(Task input Opens)
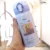 Pretty girl bullet Cup 350ml random color pattern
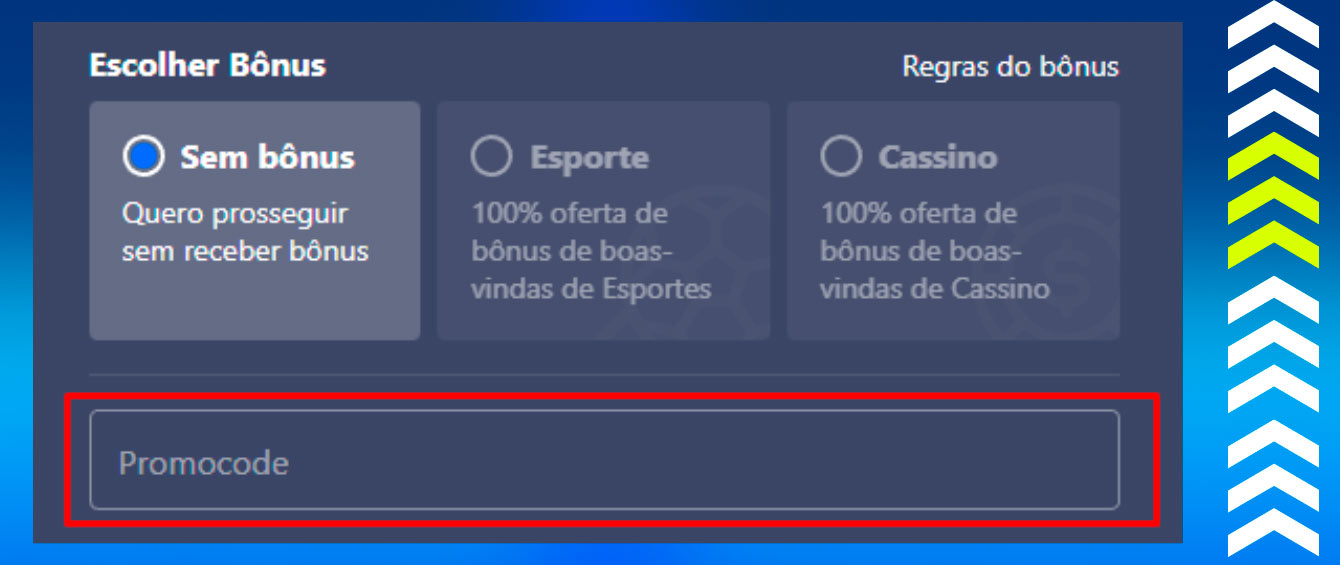Roleta cassino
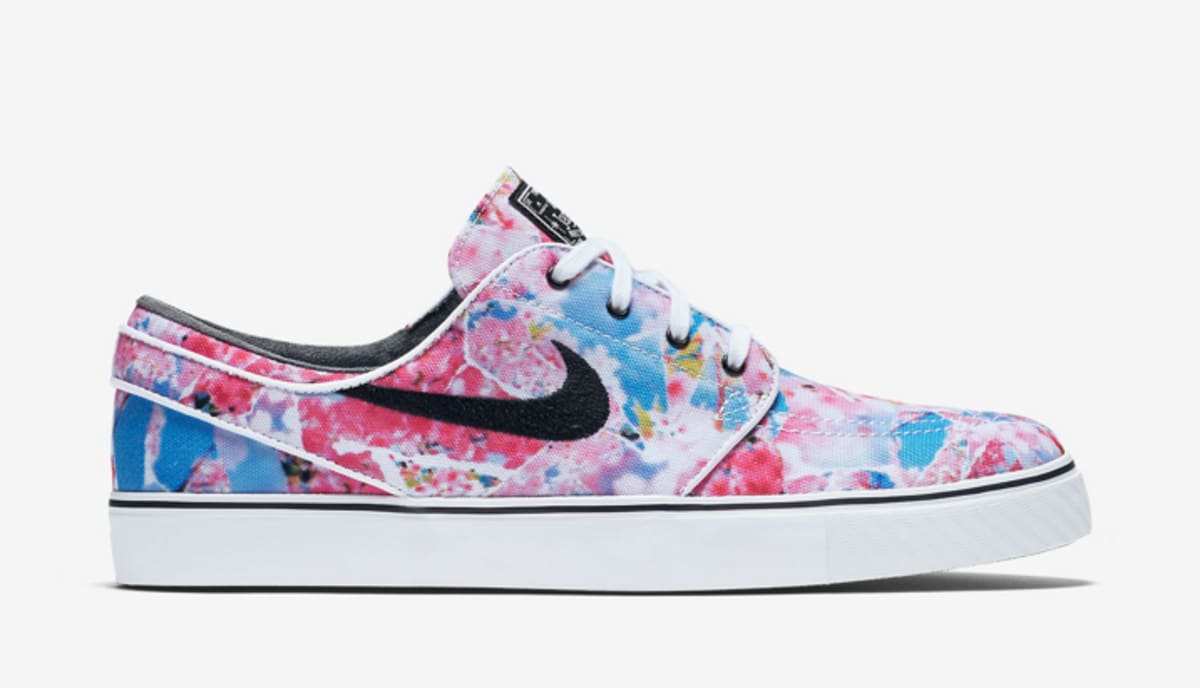 stefan janoski clearance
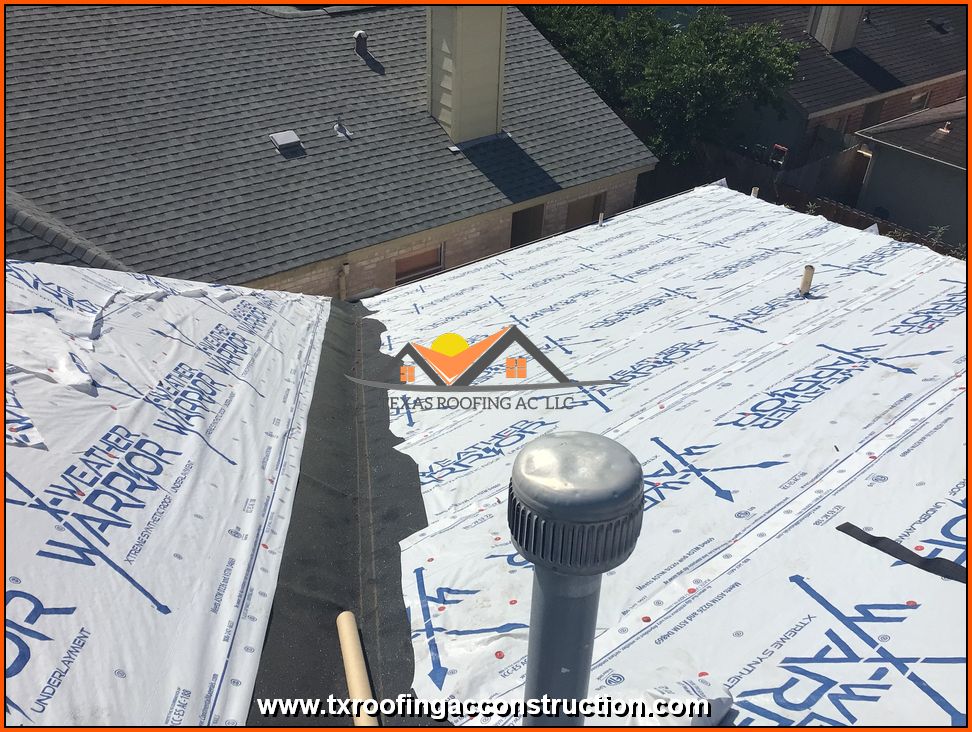 tx_roofing_houston_03-26-2022 (20)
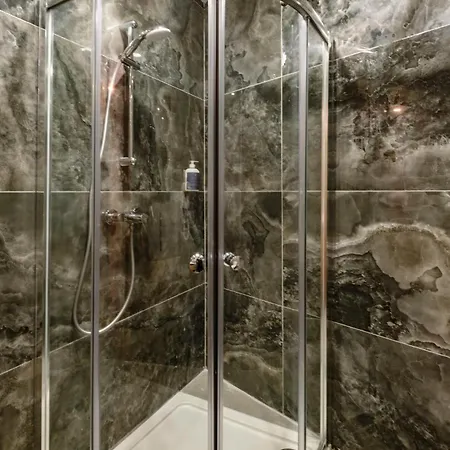 فندق سبينولا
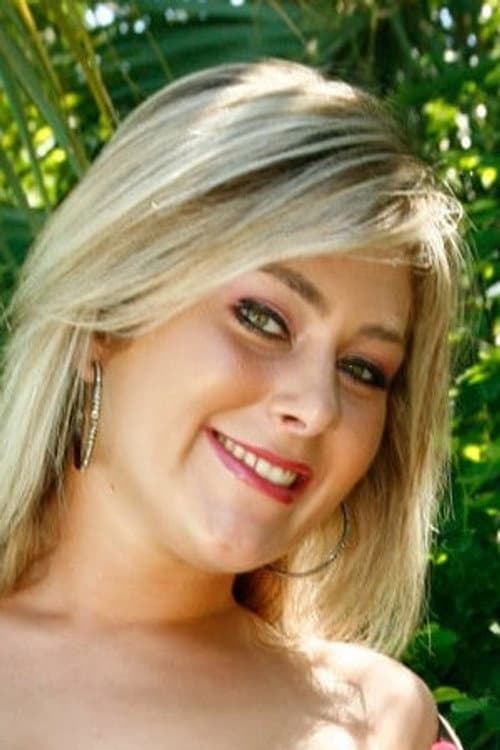 Cambrey Sage profile photo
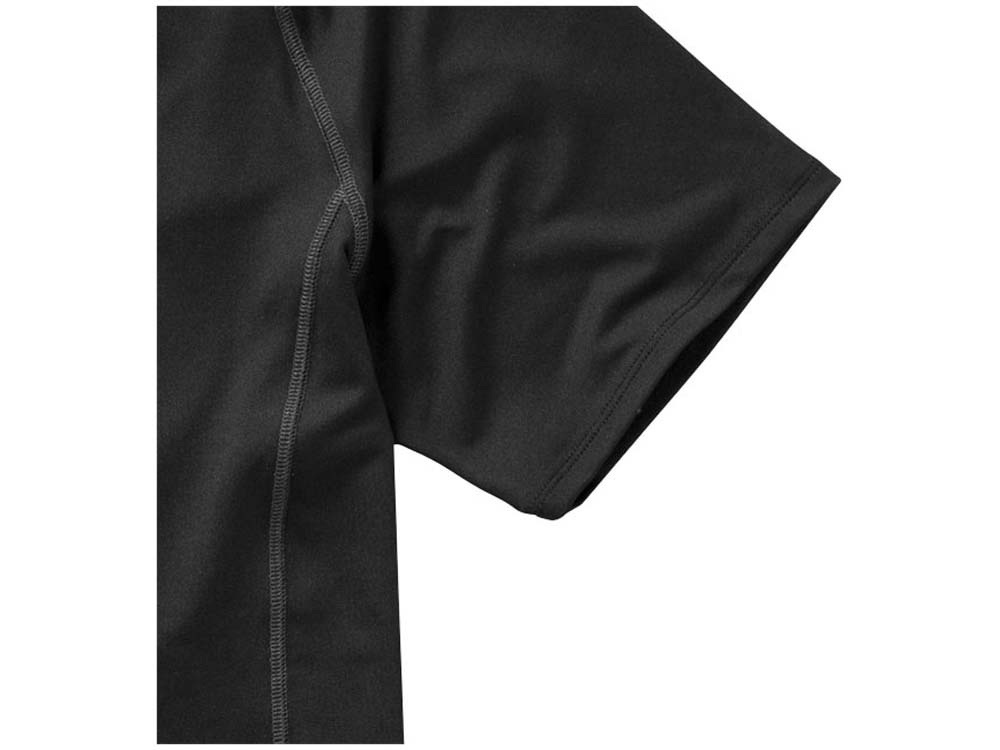 Футболка Kingston мужская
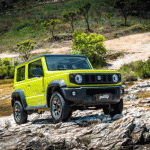 378130_935801_jimny_sierra_2020 copia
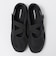 【SHIPS EXCLUSIVE】MERRELL: MAIPO 3 MARY JANE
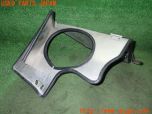 3UPJ=23450107]シビック SiR(EK4)社外 エアクリーナーボックス 中古_s0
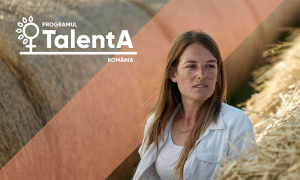 Corteva Agriscience anunță al treilea sezon al programului TalentA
(Task input Closes)
**Exercise:** Would you write out all of the data exactly as it stands, without the pictures?

**Your solution:**
 Pretty girl bullet Cup 350ml random color pattern
Roleta cassino
 stefan janoski clearance
 tx_roofing_houston_03-26-2022 (20)
 فندق سبينولا
 Cambrey Sage profile photo
 Футболка Kingston мужская
 378130_935801_jimny_sierra_2020 copia
 【SHIPS EXCLUSIVE】MERRELL: MAIPO 3 MARY JANE
 3UPJ=23450107]シビック SiR(EK4)社外 エアクリーナーボックス 中古_s0
 Corteva Agriscience anunță al treilea sezon al programului TalentA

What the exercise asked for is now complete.